▶ [WHAT TO WORK ON]:
In the material below, find the span from the line with "Portrait Medallions of" to the line with "Birkenstock Boston Suede" and transcribe only those lines, exactly, ends included, without the pictures.

▶ [DATA TO PROCESS]:
═══

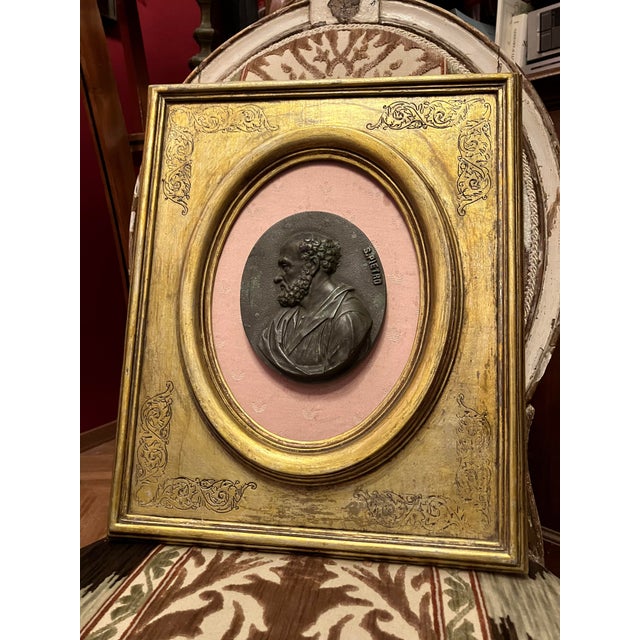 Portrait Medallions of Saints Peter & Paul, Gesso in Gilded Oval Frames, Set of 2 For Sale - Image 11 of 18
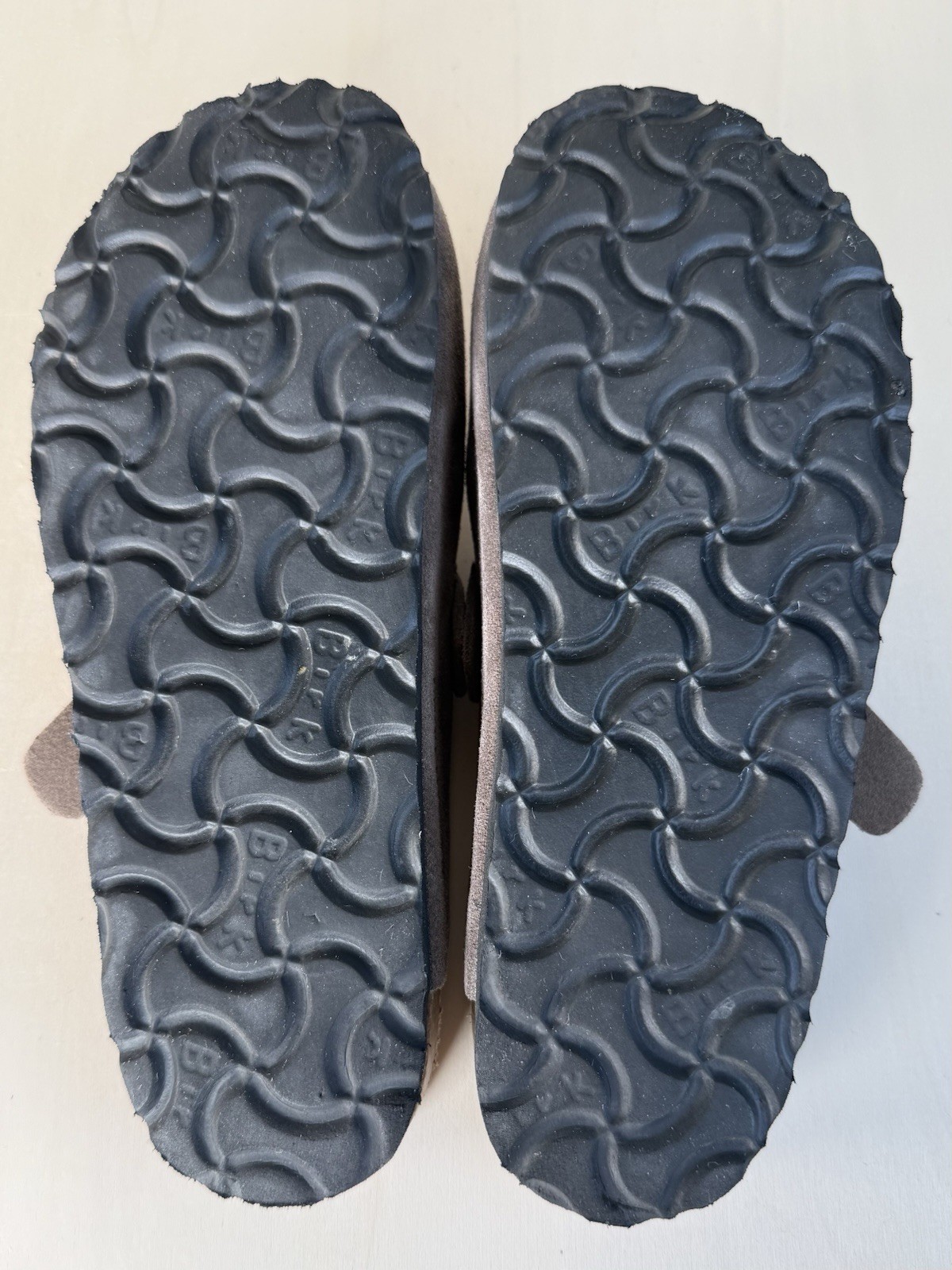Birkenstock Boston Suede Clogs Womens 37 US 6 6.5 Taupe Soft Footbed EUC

═══

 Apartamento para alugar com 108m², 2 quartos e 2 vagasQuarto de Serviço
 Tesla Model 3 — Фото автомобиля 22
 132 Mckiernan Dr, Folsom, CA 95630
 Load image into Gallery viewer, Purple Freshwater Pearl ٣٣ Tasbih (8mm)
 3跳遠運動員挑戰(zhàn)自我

═══

▶ [EXPECTED ANSWER]:
 Portrait Medallions of Saints Peter & Paul, Gesso in Gilded Oval Frames, Set of 2 For Sale - Image 11 of 18
Birkenstock Boston Suede Clogs Womens 37 US 6 6.5 Taupe Soft Footbed EUC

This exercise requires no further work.